High Flying Tax Fraud? IRS Targets Corporate Jets

business auditA new round of audits by the Internal Revenue Service (IRS) is aimed at corporate travel.


Company jets offer convenience and security, and have long been seen as status symbols. As part of its increased scrutiny of large companies and complex partnerships, the IRS is now evaluating that perk of corporate life—the corporate jet.


This year, the IRS plans to undertake approximately four dozen audits of business aircrafts. Depending on the outcome of these audits, the IRS may expand into individual audits.
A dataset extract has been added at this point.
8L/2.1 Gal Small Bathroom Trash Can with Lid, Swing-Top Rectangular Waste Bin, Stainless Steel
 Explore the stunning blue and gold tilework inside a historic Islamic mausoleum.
In a recent statement, IRS Commissioner Danny Werfel said, “During tax season, millions of people are doing the right thing by filing and paying their taxes, and they should have confidence that everyone is also following the law. Personal use of corporate jets and other aircraft by executives and others have tax implications, and it’s a complex area where IRS work has been stretched thin. With expanded resources, IRS work in this area will take off. These aircraft audits will help ensure high-income groups aren’t flying under the radar with their tax responsibilities.”
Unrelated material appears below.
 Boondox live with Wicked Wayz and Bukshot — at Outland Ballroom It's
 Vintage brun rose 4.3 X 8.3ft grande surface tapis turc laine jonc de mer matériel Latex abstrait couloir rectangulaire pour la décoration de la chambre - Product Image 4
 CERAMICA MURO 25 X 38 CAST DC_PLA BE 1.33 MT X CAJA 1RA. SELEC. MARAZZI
The use of a company plane is a perk usually reserved for executives, board members, shareholders, and other designated high fliers. Aircraft owned, operated, or leased by a company can expedite business and speed up the needs of executive personnel. The IRS has long allowed a business deduction for the cost and expense related to maintaining a company plane for business use.


Currently, the IRS is concerned that company jets for personal use are translating into inappropriate expense deductions on corporate tax returns. Similarly, individuals who use corporate jets for personal use may be underreporting their income on their personal tax return.
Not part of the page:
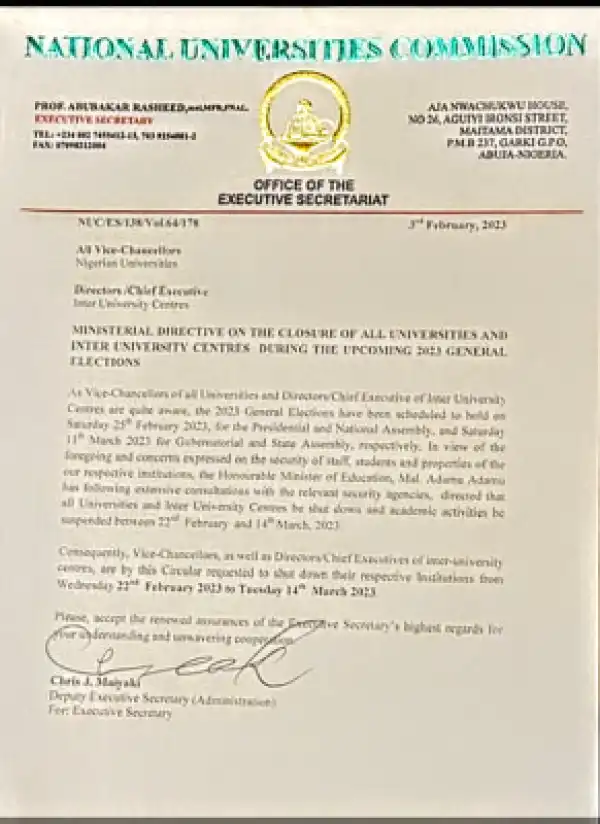 2023 General Elections: NUC directs closure of all universities from February 22nd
Because of the difficult nature of keeping careful records that delineate business airplane use from personal use, the IRS audits are planned to review the following:

  • Review of corporate jet records for business and private use
  • Examination of associated tax returns for expense or income allocations for business and personal use of corporate aircraft


This round of audits is part of the expanded review by the IRS of big business and high-asset earners. In this continuing effort, the IRS has collected $482 million in unpaid tax liabilities, so far, from 1,600 millionaires. If you have questions about corporate compliance or an impending IRS civil audit, reach out to an experienced tax attorney for assistance.


Speak with our group of experienced criminal tax attorneys if you are involved in a tax crime or have questions concerning compliance

Serving local and international clients from offices in Chicago and Cleveland, the tax firm of Robert J. Fedor, Esq., LLC offers skilled legal defense if you are challenged by tax litigation or a civil or criminal IRS tax audit. Call 800-579-0997 or contact us today.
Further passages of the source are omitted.